The attack, the deadliest since Americans handed power to an Iraqi government June 28, came three days ahead of a national conference aimed at creating an interim assembly-- widely considered a vital step toward democracy. Iraqi officials have warned attacks could intensify as the country tries to move forward.
Elsewhere, U.S. and other coalition forces were caught in fierce gunbattles with militants in two cities.
A raid by Iraqi forces backed by U.S. and Ukrainian troops sparked fighting in Suwariyah, southeast of Baghdad; 35 guerrillas and seven Iraqi policemen were killed. Ten Iraqi police were wounded and 40 insurgents were captured, said Polish Lt. Col. Artur Domanski, a multinational force spokesman.

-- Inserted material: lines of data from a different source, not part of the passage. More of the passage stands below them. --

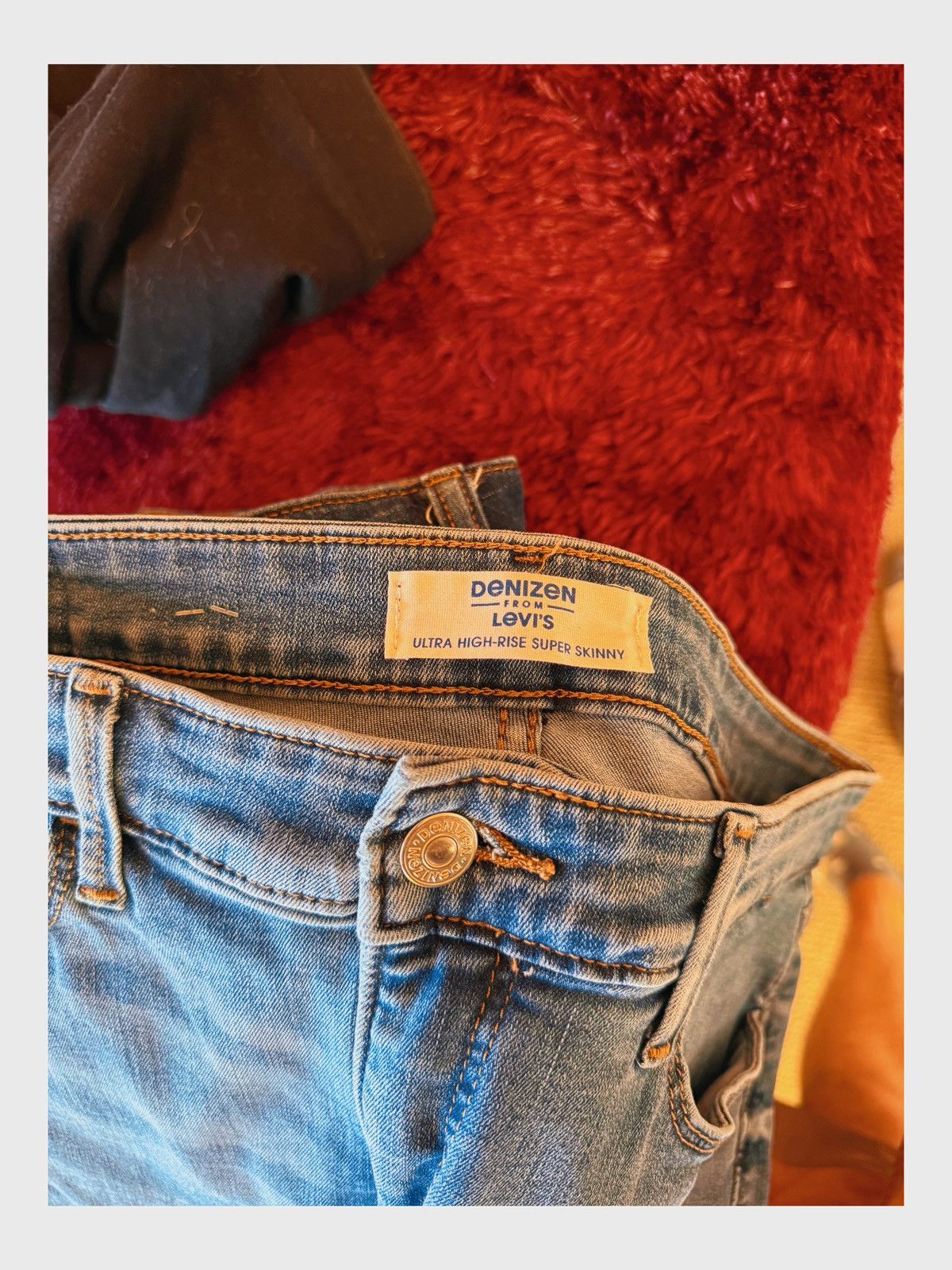Levi's Denizen from Levi’s Ultra High-Rise Super Skinny Jeans Size 34" / US 12 / IT 48 - 5 Thumbnail
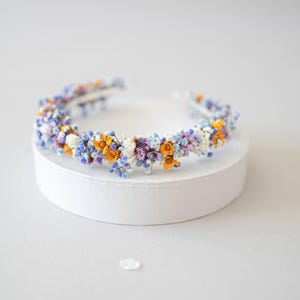 Charming boho floral headband for any occasion—weddings, festivals, fantasy photoshoots, octoberfest and more. Flower crown with dried flowers,  tiny flowers and daisies .  Hairband with dried flowers. Boho hair band. Oktoberfest Headpiece. Summer, Spring, Winter or Autumn headband in warm orange, purple, blue and white colors. Earth tones. Christmas headpiece.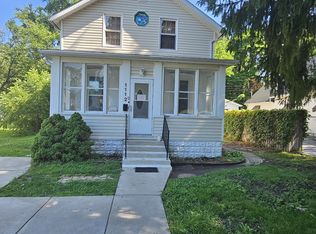 1112 E Cleveland Ave, Hobart, IN 46342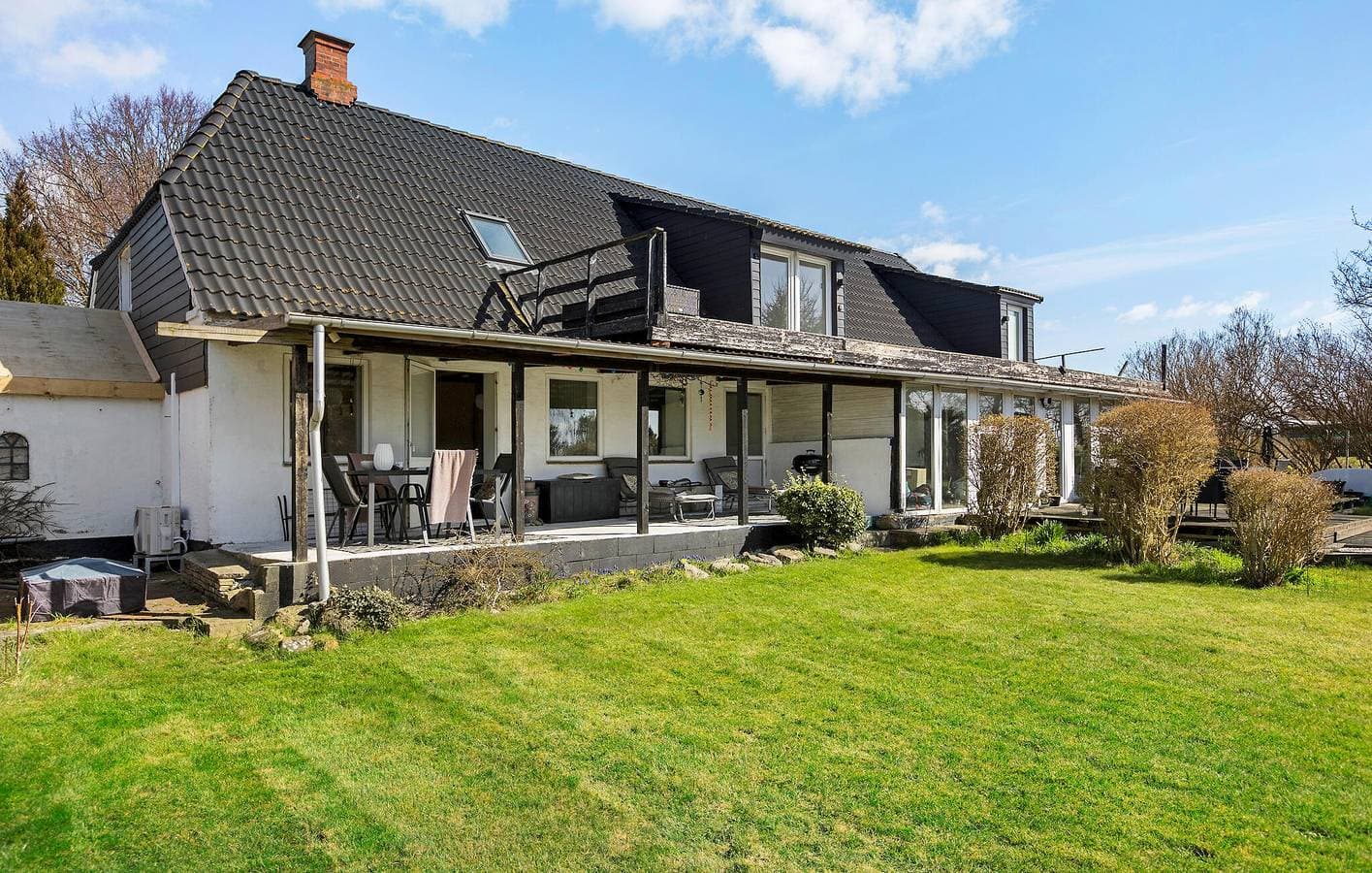 Foto 2 von 18: Ferienwohnung für 4 Personen mit Garten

In Ramadi, west of the capital, insurgents launched near simultaneous attacks on several U.S. bases, wounding 10 soldiers. A guerrilla was killed, and during the fighting a mortar hit an apartment building, killing an Iraqi woman. Later, gunmen in the city fired on two U.S. aircraft, damaging both and wounding a pilot, a military spokesman said without specifying the type of craft.
The blast in Baqouba, an insurgent hotbed 35 miles northeast of Baghdad, was the latest to cause heavy civilian casualties. Such deaths have angered many Iraqis even as guerrillas insist their fight is against U.S. troops and the new American-backed government. U.S. forces have been trying to lower their profile and put Iraqi security forces in the front lines.
''(The bombing) was once again an attempt by murderers to deny the Iraqi people their dream of a peaceful country that rests on a solid foundation of freedom,'' Secretary of State Colin Powell said during a news conference in Cairo. ''We have to condemn it, we have to fight it. We must not let these kinds of tragic incidents deter us from our goal.''
Iraqi officials have expressed concerns that Saturday's national conference will be a major target for attack. During the conference, some 1,000 delegates are to put together an assembly that will work alongside Prime Minister Iyad Allawi's government.
''The terrorists' goal is to hamper the police work, terrorize our citizens and show that the government is unable to protect the Iraqi people, and this will not happen,'' said Hamid al-Bayati, a deputy foreign minister.
The 10:13 a.m. bombing shattered the bustling heart of a commercial district filled with shops, government buildings and the police station.
Twenty-one of the dead were passengers on a white commuter bus that was left a charred husk by the blast. Pieces of glass, twisted metal and abandoned shoes, all covered in blood and human remains, were strewn across the pavement, and a shop's white security gate was splattered with blood.